- _Work instructions_
The copy must run from the first line of the entries below through the line containing "Red Heart Spinner", restated word for word, with pictures left out.

- _Provided records_
┏━━

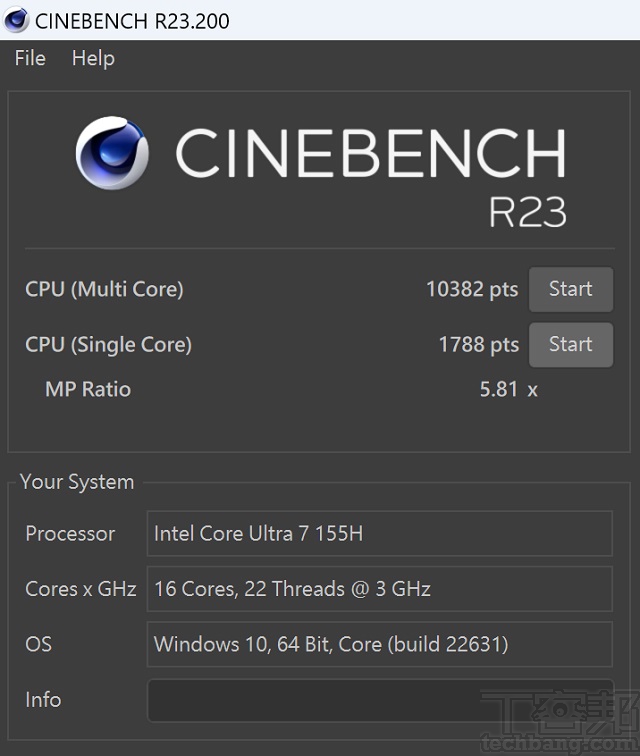 于CINEBENCH R23测试中，CPU多核心为10,382 pts，单核心为1,788pts，多、单核心的性能差距倍数为5.81x。
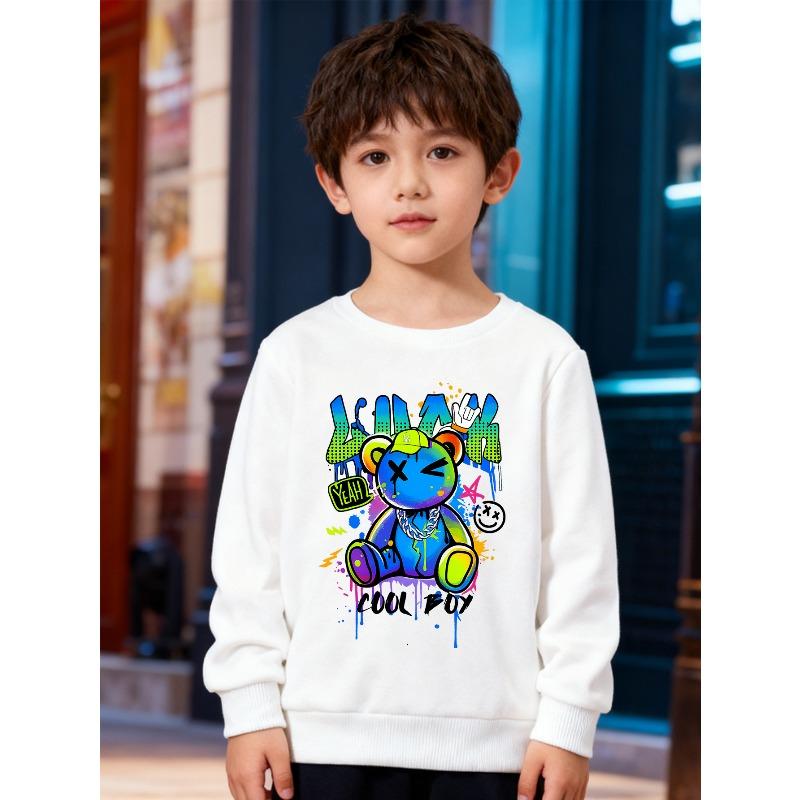 European sizes Kids Round-neck Pullover, Long-sleeved Top , with Letter Print, Suitable for Daily Casual Wear and Outdoor Activities 110 белый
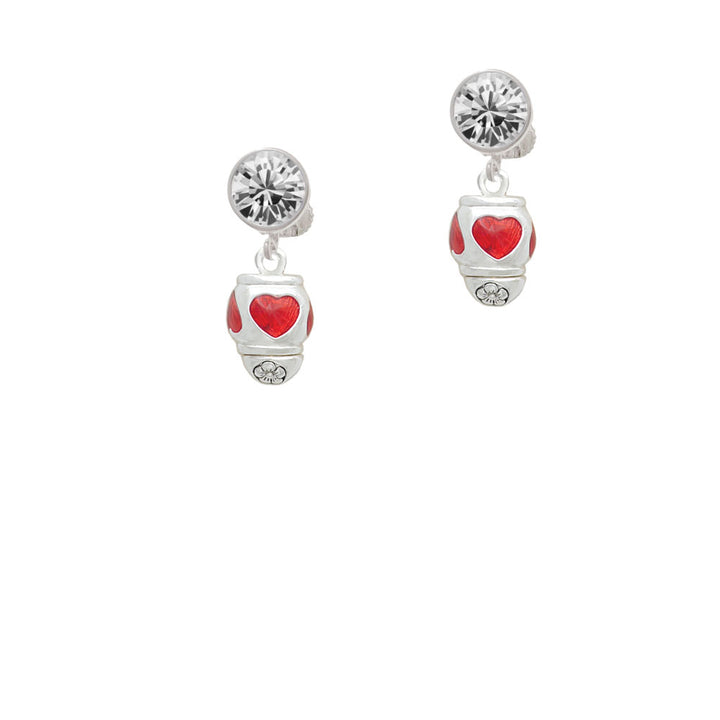 Red Heart Spinner Crystal Clip On Earrings Image 2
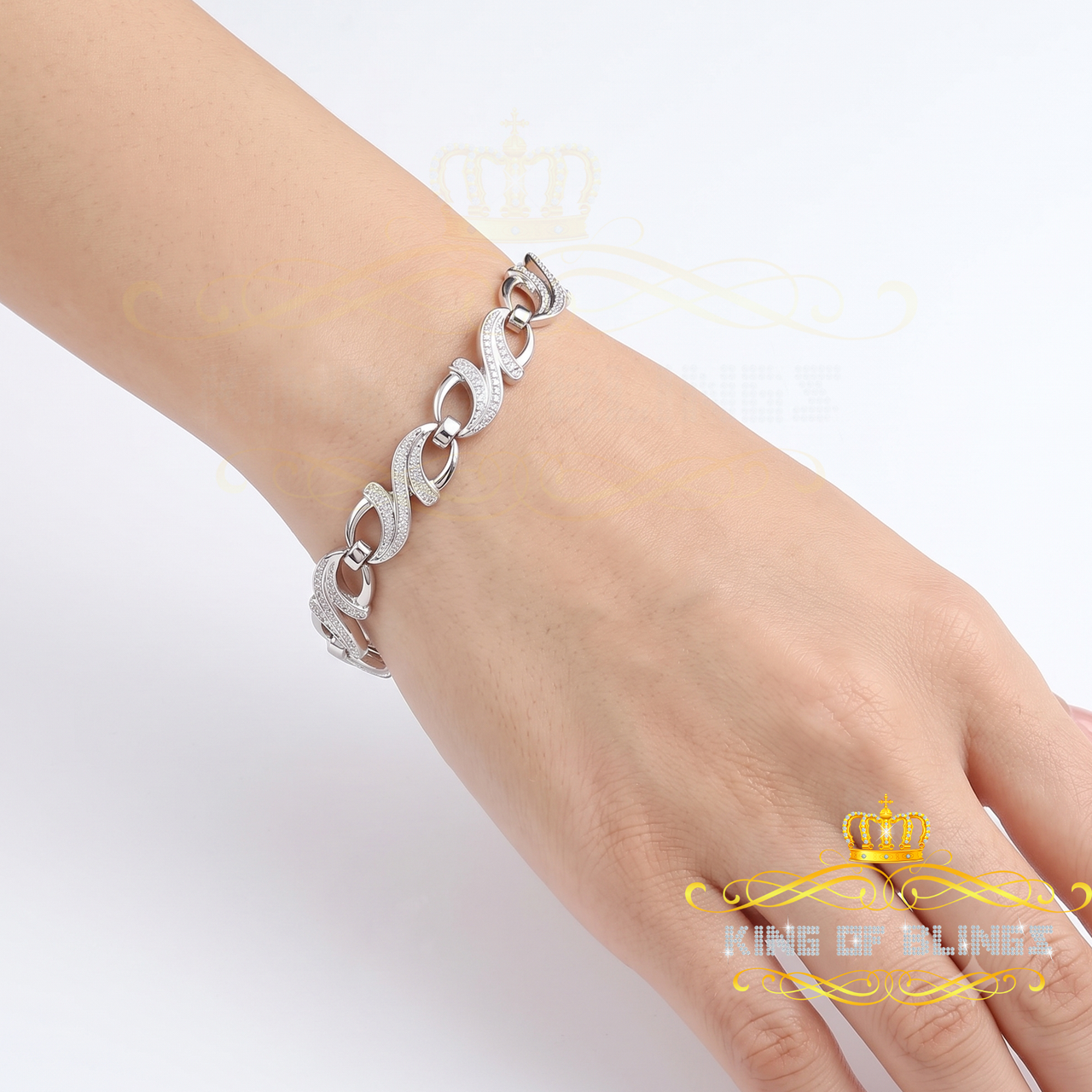 King Of Bling's 925 Silver Genuine 0.20CT Diamond White Infinity Women's Bracelet Size 7 Inch KING OF BLINGS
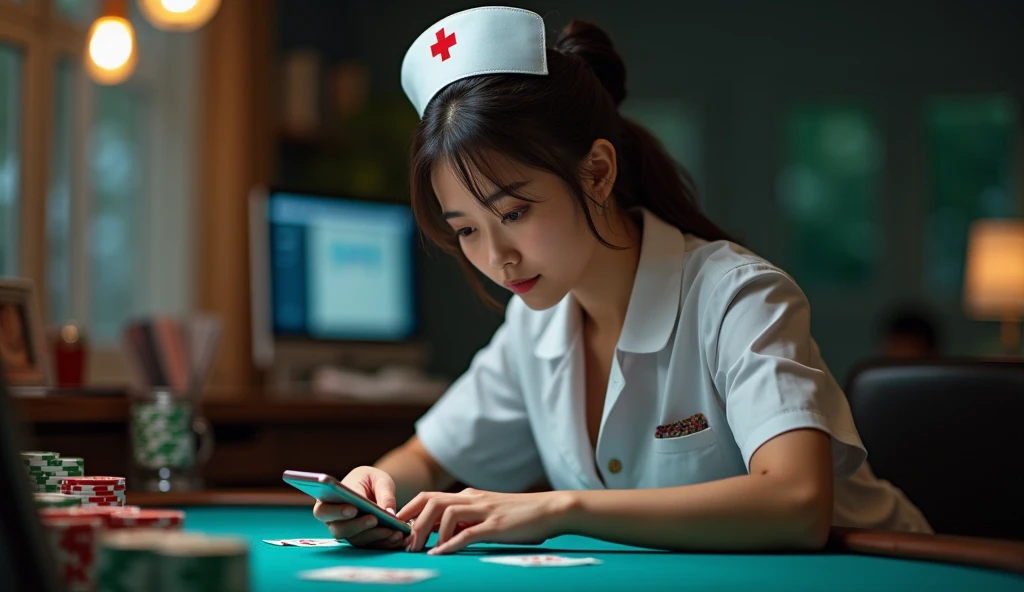 Create an image of a sexy Asian nurse assistant addicted to online gambling.,using phone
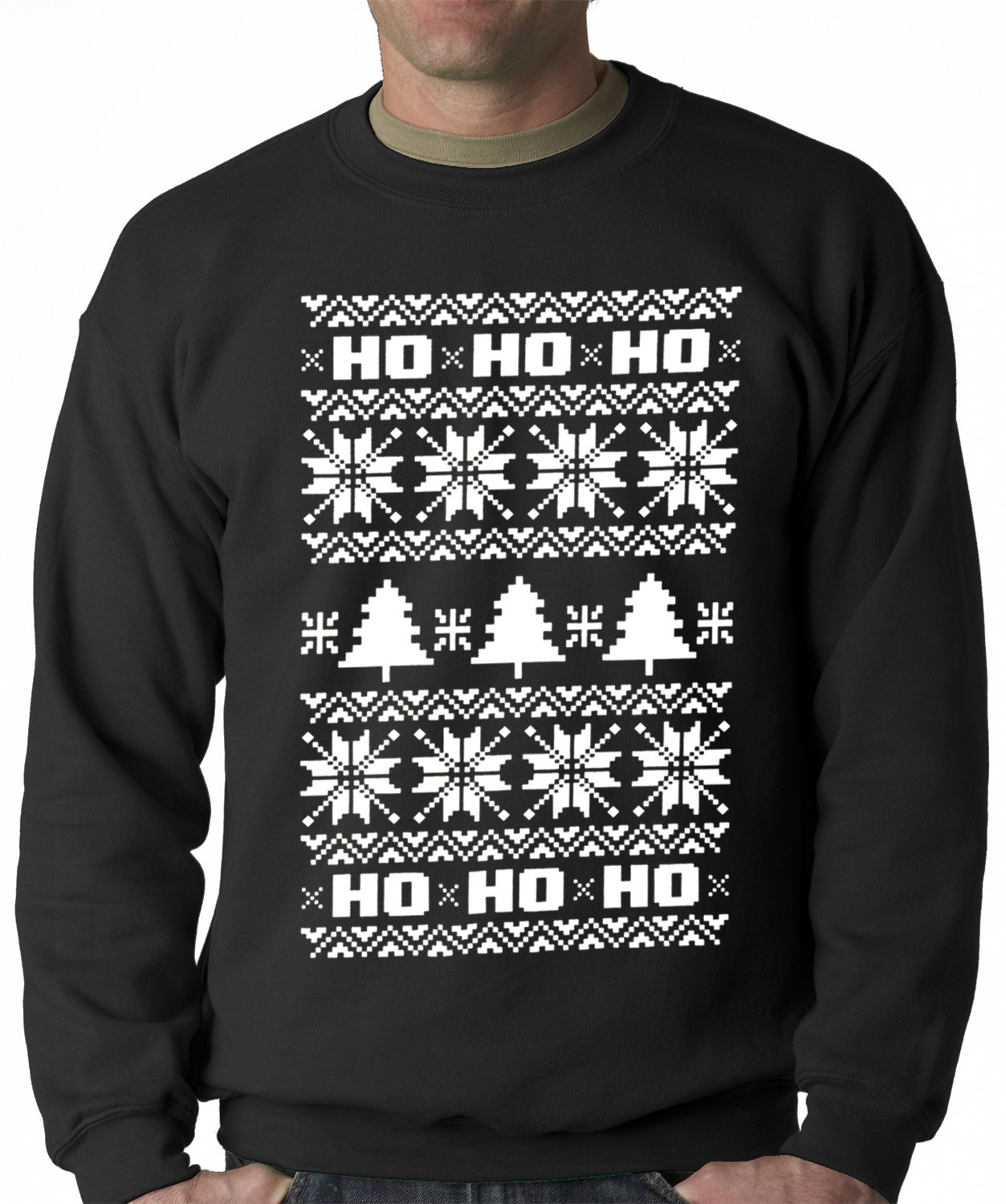 Ugly Christmas Sweater – Snowflake HO HO HO Adult Crewneck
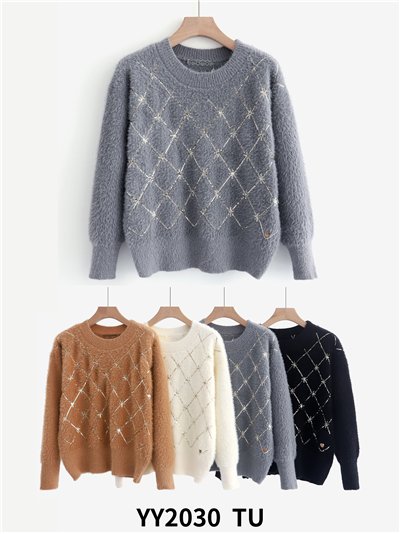 Jersey de pelo suave con rombos brillantes 2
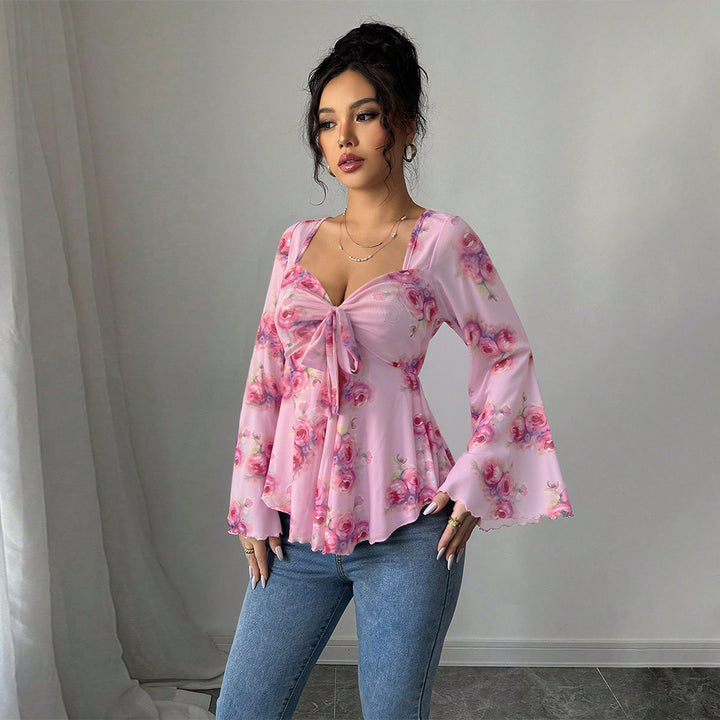 Damen florales Chiffon-Top mit Bindeschleife, Herzausschnitt, ausgestellten Glockenärmeln und tailliertem Schößchen Drune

┗━━

- _Exercise result_
 于CINEBENCH R23测试中，CPU多核心为10,382 pts，单核心为1,788pts，多、单核心的性能差距倍数为5.81x。
 European sizes Kids Round-neck Pullover, Long-sleeved Top , with Letter Print, Suitable for Daily Casual Wear and Outdoor Activities 110 белый
 Red Heart Spinner Crystal Clip On Earrings Image 2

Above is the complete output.